The 5-foot-6-inch outspoken director Spike Lee made his presence felt on the stage at the Lady Bird Johnson Auditorium on Sunday and focused on the ongoing corruption resulting from Hurricane Katrina in 2005 to the more recent British Petroleum oil spill.

“We still forget [the catastrophe] wasn’t really a hurricane,” said Lee after screening a segment of his latest documentary “If God Is Willing and Da Creek Don’t Rise.” “It was the faulty levees and the work of the United States of America. The whole infrastructure of this country needs help. When you cut corners, people die. It’s the same with BP. People are going to die and get hurt? Fuck it. Make the money. There has to be some morals and ethics that go into capitalism in this country.”

About 600 members of the UT community attended the screening, which previously aired on HBO on Aug. 23, and a heated roundtable discussion featuring history and film professors as well as New Orleans native Camille Pluck, a psychology junior.

“Politics, class and racism will always permeate [New Orleans’] society,” Pluck said. “People always ask, ‘How can you love New Orleans if it’s so corrupt?’ And I respond, ‘How can you love America?’”

Lee filmed his latest documentary as a follow-up to the Peabody Award-winning 2006 documentary “When the Levees Broke.” Initially, Lee says, he finished the four-hour documentary before the BP oil spill but then went back to the Big Easy eight more times to follow the story. Both documentaries feature a plethora of first-person accounts that humanize the events.

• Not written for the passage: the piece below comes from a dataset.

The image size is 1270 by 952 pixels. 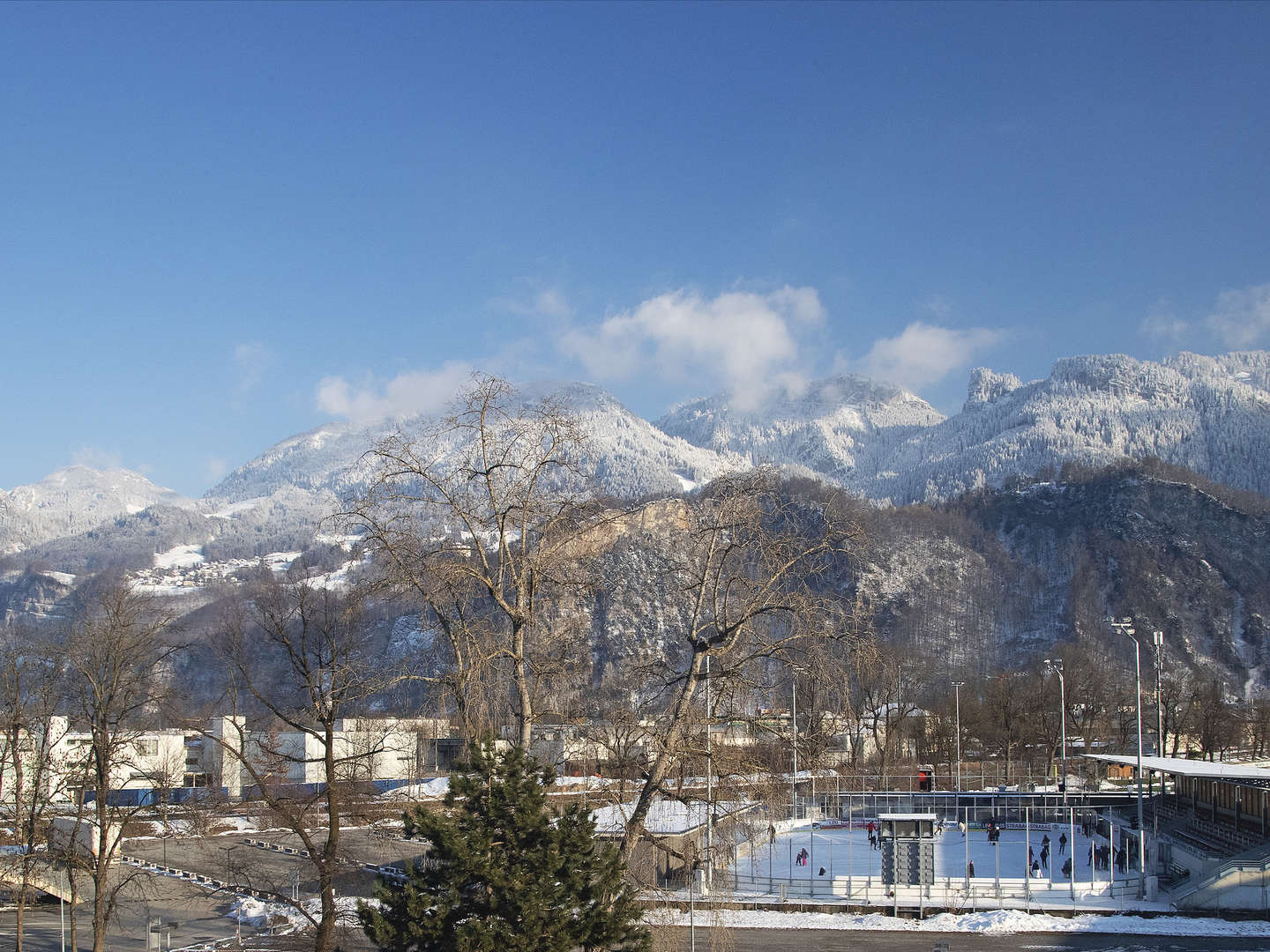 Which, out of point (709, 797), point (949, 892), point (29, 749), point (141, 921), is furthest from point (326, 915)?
point (949, 892)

“These aren’t documentaries — these are now part of American history,” said Douglas Brinkley, a noted history professor from Rice University who introduced Lee. “His Katrina and BP spill archives are important parts of documented oral history. I see him less as a filmmaker and more as one of our great truth-tellers, and we have so few of them.”

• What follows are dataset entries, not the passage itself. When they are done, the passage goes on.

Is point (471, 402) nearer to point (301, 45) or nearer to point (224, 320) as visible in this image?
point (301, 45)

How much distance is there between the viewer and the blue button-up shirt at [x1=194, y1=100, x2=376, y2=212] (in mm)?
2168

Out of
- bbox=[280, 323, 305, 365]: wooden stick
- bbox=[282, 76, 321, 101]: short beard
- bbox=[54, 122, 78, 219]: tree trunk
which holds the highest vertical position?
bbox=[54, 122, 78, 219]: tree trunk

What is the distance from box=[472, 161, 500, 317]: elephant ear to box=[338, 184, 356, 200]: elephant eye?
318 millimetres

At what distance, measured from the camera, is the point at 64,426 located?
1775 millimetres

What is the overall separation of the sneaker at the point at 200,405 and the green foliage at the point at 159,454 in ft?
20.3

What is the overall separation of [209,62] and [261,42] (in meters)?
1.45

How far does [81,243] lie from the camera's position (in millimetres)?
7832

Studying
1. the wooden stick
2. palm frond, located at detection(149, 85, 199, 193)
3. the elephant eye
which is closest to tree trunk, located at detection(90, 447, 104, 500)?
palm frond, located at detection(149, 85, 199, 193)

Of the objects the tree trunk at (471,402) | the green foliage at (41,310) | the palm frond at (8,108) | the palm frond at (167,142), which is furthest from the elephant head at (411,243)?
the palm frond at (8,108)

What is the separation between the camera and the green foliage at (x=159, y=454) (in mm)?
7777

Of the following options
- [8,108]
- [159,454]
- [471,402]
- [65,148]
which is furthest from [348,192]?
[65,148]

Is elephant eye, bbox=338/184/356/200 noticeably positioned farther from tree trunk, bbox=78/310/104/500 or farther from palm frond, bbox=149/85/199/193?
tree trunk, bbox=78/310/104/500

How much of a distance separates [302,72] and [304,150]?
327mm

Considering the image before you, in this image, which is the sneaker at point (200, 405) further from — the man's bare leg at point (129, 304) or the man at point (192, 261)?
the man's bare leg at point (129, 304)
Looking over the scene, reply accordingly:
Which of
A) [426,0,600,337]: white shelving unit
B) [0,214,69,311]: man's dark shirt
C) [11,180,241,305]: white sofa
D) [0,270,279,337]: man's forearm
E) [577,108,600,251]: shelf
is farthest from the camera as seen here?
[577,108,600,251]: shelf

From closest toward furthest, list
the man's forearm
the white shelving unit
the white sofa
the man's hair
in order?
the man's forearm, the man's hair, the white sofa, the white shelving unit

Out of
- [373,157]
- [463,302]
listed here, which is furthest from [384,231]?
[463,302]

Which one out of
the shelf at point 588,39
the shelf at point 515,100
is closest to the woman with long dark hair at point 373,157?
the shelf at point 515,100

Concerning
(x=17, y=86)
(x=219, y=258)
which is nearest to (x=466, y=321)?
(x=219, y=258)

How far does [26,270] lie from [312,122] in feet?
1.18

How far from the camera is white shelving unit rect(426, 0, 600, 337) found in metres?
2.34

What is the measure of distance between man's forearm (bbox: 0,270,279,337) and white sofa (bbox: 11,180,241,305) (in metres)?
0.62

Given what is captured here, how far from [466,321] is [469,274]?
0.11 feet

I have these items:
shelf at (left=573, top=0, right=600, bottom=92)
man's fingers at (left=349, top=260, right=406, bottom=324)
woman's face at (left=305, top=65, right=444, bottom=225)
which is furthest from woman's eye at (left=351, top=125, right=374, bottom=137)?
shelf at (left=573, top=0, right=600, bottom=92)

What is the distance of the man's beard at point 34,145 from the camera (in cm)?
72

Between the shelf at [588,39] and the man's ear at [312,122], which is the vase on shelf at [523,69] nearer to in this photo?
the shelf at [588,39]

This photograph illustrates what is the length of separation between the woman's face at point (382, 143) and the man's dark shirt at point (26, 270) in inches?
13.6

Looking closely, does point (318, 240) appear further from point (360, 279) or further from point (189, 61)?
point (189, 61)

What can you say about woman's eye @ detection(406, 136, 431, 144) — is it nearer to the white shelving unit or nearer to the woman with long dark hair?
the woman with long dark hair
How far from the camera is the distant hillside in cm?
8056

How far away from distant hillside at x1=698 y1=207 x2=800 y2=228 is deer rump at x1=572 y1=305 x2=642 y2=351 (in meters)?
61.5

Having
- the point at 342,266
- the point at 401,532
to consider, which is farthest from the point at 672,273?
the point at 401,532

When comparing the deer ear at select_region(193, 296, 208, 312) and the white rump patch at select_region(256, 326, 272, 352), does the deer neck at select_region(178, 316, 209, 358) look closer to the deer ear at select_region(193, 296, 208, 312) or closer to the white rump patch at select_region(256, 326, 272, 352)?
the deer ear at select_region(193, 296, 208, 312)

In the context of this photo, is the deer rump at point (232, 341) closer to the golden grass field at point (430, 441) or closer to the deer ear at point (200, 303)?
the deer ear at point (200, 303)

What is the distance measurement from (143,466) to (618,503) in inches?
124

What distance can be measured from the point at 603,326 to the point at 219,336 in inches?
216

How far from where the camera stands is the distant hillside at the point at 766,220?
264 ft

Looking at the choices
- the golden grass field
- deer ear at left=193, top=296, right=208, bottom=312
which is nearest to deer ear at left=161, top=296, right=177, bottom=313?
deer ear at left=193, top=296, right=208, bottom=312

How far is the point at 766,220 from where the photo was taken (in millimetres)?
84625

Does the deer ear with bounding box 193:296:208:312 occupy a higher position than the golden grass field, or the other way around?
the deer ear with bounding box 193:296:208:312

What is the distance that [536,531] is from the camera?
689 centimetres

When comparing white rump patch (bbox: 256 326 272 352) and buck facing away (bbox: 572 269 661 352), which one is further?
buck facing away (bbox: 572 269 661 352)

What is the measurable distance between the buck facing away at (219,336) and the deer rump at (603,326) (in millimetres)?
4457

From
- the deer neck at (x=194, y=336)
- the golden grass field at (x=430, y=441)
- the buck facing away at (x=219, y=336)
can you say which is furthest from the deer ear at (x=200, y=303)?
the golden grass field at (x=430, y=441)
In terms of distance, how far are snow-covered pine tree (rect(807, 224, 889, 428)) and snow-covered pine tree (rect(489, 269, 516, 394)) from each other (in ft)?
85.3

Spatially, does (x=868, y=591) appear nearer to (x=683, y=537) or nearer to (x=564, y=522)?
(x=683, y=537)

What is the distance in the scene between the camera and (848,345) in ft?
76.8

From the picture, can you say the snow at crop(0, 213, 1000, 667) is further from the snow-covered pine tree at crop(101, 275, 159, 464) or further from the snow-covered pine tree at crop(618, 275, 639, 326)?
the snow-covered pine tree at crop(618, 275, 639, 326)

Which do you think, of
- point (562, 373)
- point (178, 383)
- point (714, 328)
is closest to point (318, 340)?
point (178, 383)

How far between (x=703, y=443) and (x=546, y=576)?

Included in his latest documentary are reports of BP initially blocking fly-overs and questions about the toxicity of the oil dispersants used.

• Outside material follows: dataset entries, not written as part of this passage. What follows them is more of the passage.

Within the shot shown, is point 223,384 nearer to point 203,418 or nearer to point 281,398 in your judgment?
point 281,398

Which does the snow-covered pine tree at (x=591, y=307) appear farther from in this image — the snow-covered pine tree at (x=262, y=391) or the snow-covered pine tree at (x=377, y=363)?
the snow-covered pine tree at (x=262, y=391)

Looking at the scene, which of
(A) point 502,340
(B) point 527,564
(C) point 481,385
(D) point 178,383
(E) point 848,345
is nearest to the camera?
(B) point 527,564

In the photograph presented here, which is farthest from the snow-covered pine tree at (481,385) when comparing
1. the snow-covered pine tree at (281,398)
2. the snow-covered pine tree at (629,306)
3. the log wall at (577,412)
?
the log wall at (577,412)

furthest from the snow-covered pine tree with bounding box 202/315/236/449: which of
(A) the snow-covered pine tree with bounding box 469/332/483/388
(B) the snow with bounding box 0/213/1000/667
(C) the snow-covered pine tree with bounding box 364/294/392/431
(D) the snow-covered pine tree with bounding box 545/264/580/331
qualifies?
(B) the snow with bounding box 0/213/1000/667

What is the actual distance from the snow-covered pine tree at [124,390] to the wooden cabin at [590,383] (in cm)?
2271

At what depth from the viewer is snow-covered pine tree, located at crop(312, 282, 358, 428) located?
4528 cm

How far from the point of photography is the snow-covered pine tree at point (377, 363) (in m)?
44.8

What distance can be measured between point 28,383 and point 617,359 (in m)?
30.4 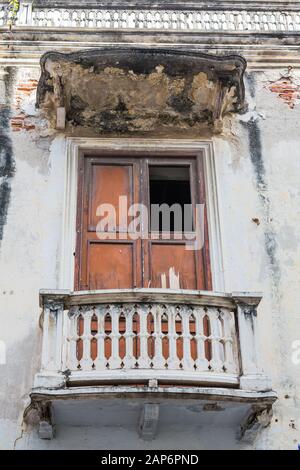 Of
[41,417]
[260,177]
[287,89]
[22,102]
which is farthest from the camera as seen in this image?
[287,89]

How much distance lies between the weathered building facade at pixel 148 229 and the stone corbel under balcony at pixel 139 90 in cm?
2

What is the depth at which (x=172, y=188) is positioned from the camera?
10.2 meters

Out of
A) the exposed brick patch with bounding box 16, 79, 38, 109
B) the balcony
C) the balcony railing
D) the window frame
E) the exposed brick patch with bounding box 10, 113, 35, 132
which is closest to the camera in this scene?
the balcony

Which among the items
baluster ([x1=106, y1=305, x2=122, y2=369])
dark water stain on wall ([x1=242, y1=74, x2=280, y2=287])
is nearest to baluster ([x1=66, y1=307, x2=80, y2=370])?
baluster ([x1=106, y1=305, x2=122, y2=369])

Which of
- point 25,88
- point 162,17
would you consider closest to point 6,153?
point 25,88

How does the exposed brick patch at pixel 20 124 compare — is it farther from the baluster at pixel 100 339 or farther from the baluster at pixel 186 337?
the baluster at pixel 186 337

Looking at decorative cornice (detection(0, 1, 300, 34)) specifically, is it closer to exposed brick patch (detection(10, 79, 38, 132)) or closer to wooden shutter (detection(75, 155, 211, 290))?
exposed brick patch (detection(10, 79, 38, 132))

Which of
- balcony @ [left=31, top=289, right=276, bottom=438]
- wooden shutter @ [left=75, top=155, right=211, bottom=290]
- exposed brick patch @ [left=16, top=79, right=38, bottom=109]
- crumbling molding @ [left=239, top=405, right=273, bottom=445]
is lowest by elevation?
crumbling molding @ [left=239, top=405, right=273, bottom=445]

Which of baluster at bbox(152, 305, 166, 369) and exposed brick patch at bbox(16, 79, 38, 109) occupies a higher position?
exposed brick patch at bbox(16, 79, 38, 109)

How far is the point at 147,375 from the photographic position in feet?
23.3

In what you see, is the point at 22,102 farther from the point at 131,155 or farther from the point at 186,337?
the point at 186,337

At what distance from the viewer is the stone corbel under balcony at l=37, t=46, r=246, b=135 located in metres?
9.02

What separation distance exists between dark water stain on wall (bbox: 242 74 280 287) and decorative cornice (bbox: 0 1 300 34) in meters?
0.96

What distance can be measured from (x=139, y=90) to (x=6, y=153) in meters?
1.68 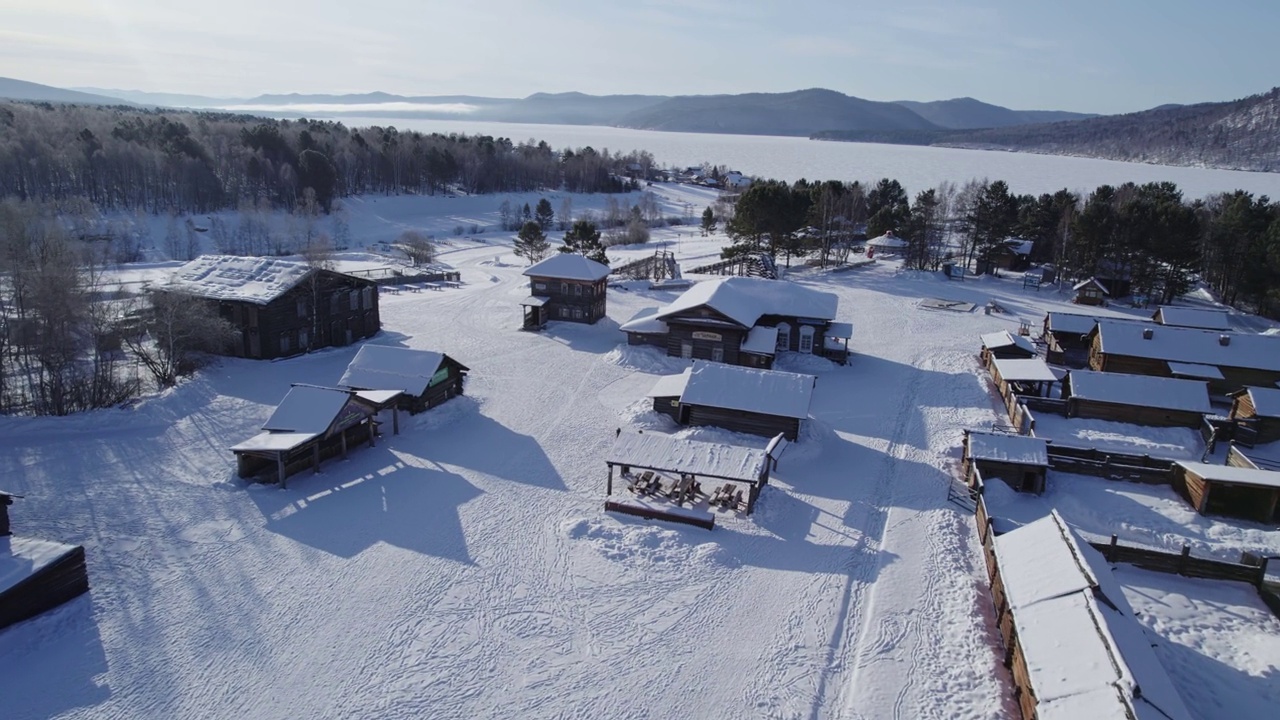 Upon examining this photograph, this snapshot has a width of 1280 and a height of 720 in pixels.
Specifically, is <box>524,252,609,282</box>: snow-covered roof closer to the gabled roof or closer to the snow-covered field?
the snow-covered field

The hour-long segment concluded with a montage of underwater oil leak footage from nearly every day of the three-month spill, followed by images of the blue and grey corpses strewn across the city after Katrina.

“I had no idea about the entirety of the problems in New Orleans,” said studio art sophomore Tara Alavi. “The rhetoric is so censored and his documentary is incredibly moving. I teared up during it. It made me want to take action and do what I can. I don’t know where to begin, but it opened my eyes to the magnitude of the problem.”